About this exercise: Copy, word for word, the lines of the listing below from the line with "Audi Q5 2.0 TDI QUATTRO 2010" up to and including the line with "used 2016 Chevrolet Silverado 1500 car". Drop the pictures.

Study material:
※
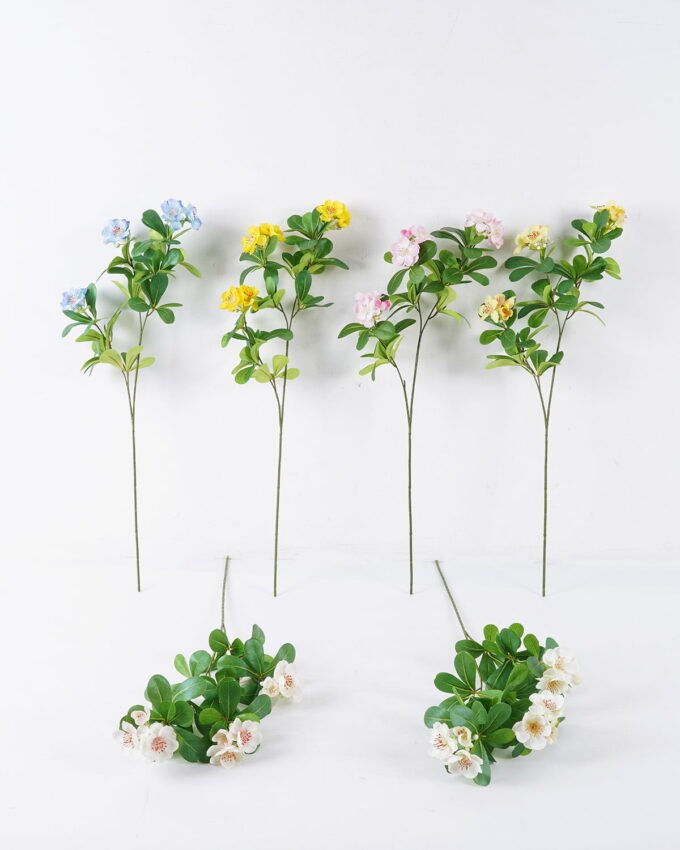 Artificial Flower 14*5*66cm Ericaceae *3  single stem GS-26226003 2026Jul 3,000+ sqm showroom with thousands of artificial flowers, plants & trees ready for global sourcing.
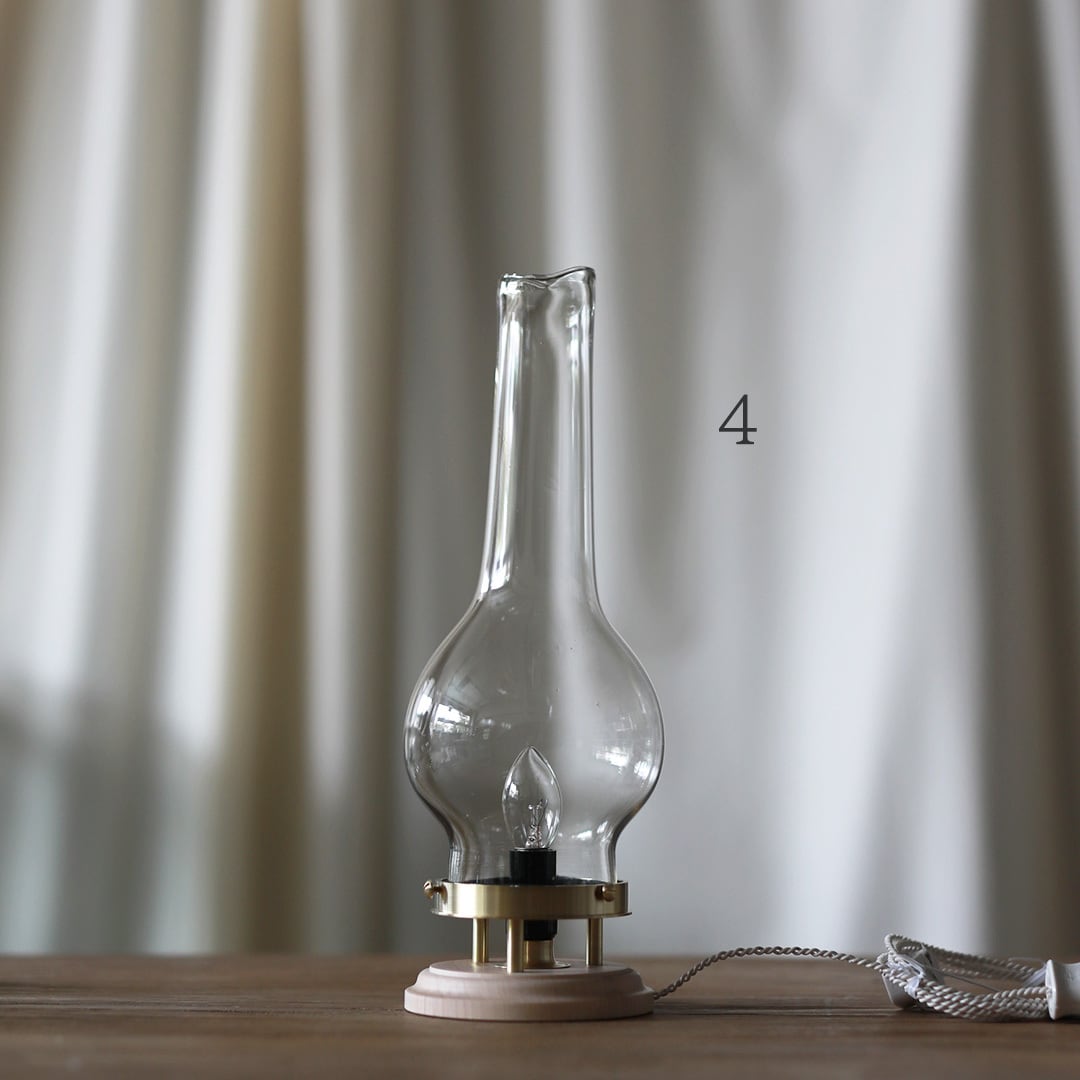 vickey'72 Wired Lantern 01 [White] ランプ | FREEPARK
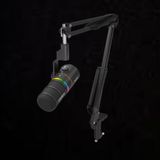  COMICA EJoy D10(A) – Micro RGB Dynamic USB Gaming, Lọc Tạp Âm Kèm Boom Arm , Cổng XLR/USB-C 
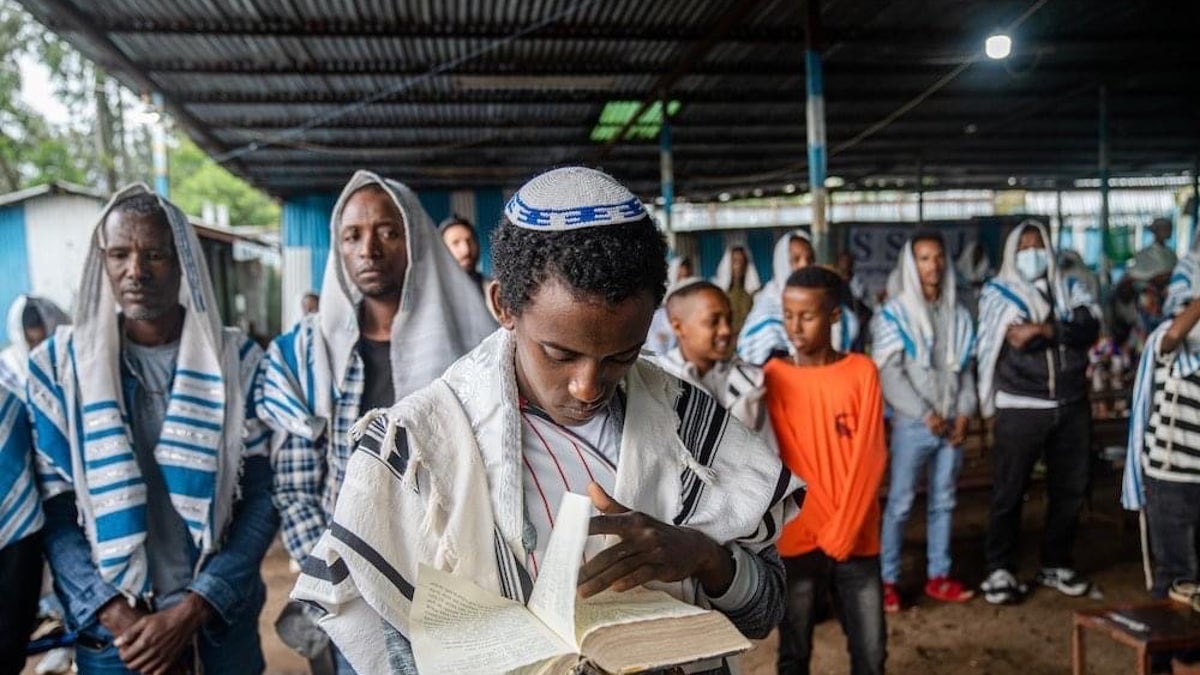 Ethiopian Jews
※
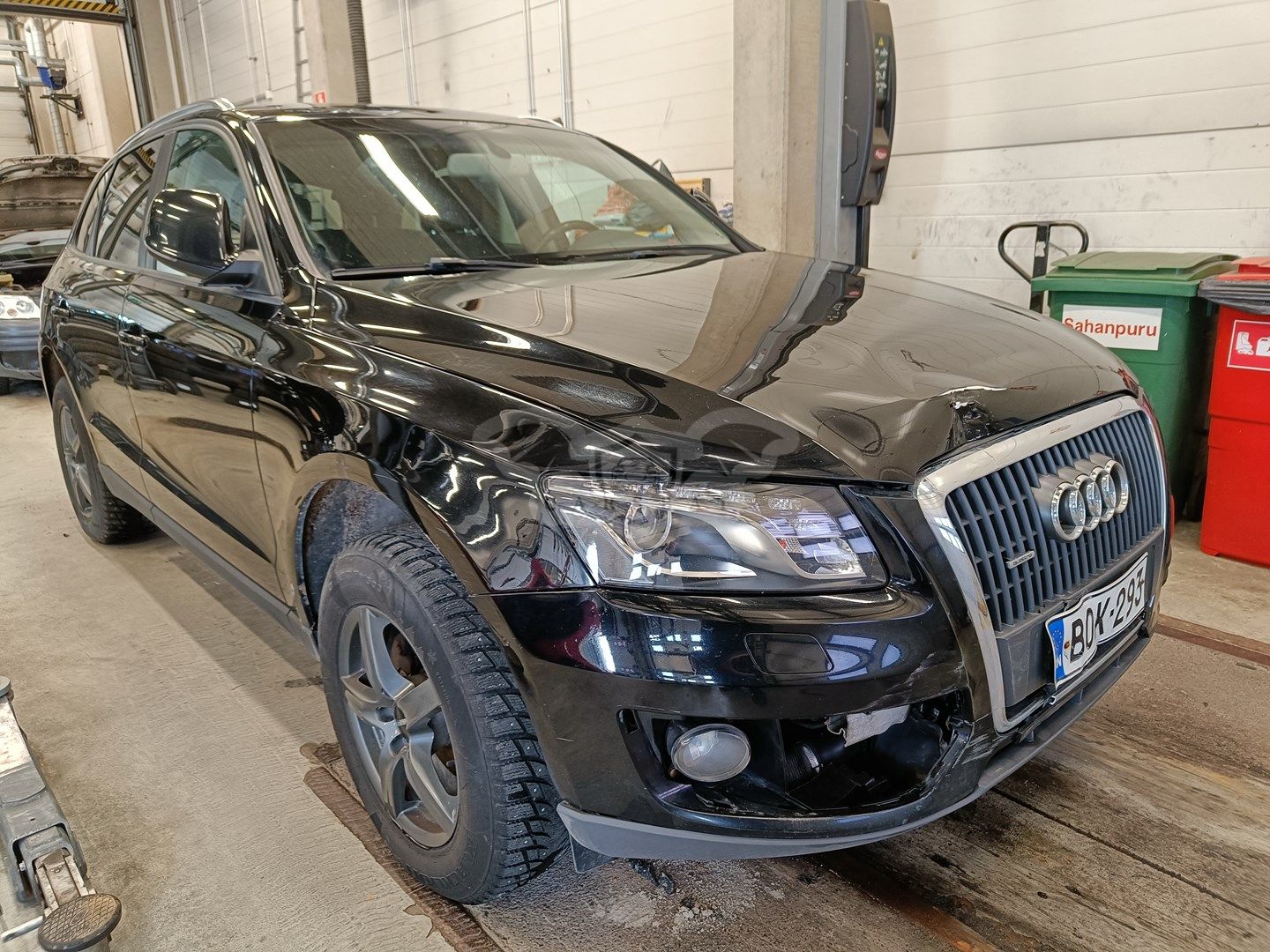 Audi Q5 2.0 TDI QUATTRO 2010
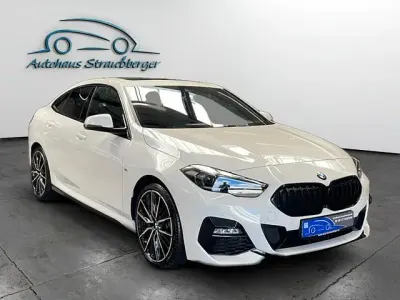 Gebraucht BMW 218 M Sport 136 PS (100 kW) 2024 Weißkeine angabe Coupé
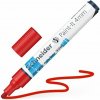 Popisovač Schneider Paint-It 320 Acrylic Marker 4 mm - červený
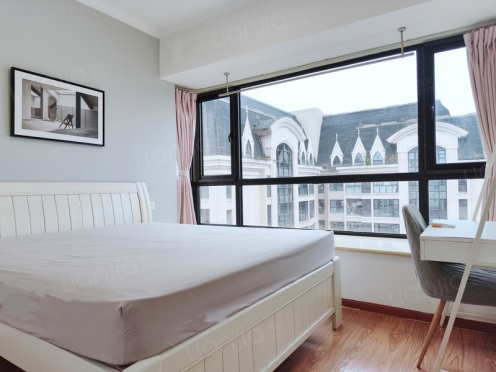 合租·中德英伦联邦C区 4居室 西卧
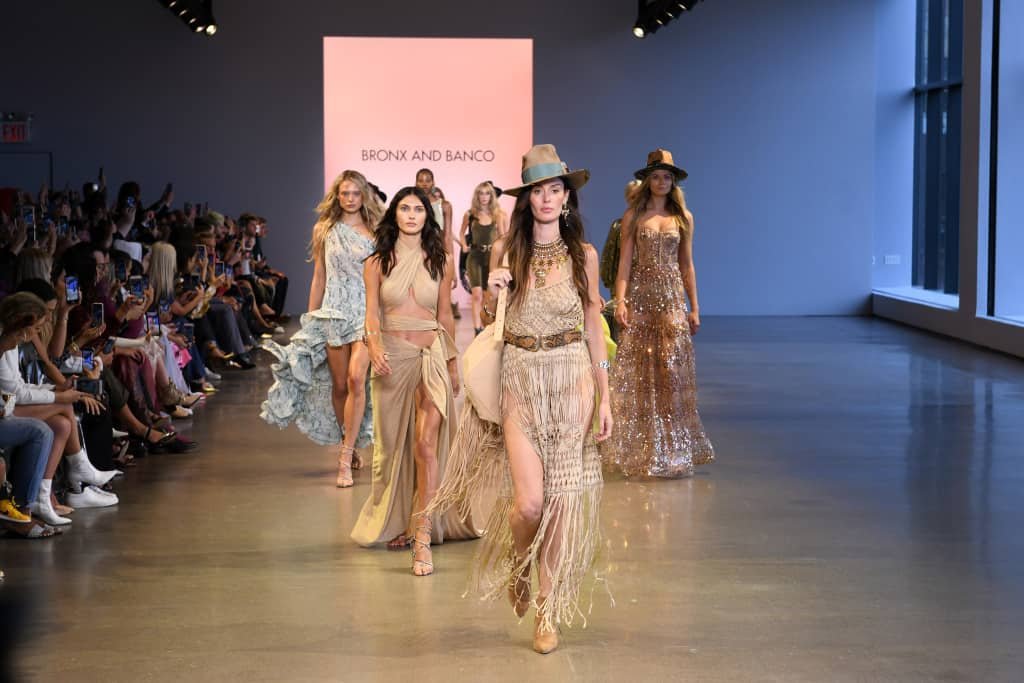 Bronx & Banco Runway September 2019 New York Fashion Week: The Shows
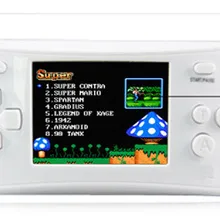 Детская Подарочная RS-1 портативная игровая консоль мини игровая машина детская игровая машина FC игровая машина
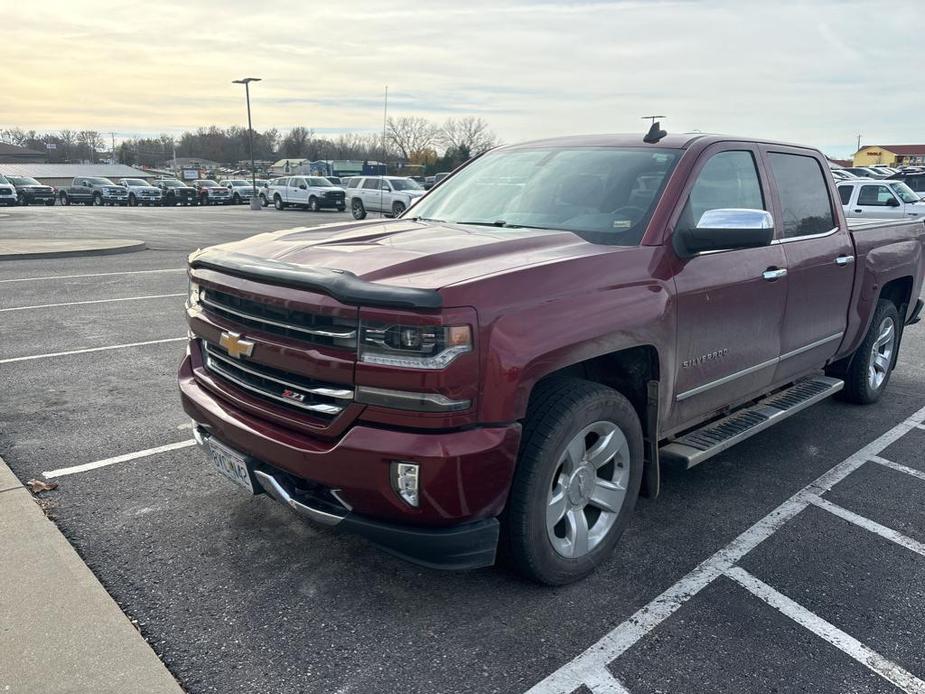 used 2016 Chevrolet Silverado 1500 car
※
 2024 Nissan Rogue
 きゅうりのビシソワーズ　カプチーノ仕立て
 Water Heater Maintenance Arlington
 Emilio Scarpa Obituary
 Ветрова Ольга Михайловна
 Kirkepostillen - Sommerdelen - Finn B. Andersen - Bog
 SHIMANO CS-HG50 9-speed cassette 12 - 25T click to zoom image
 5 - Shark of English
※
Output for this exercise:
 Audi Q5 2.0 TDI QUATTRO 2010
 Gebraucht BMW 218 M Sport 136 PS (100 kW) 2024 Weißkeine angabe Coupé
 Popisovač Schneider Paint-It 320 Acrylic Marker 4 mm - červený
 合租·中德英伦联邦C区 4居室 西卧
 Bronx & Banco Runway September 2019 New York Fashion Week: The Shows
 Детская Подарочная RS-1 портативная игровая консоль мини игровая машина детская игровая машина FC игровая машина
 used 2016 Chevrolet Silverado 1500 car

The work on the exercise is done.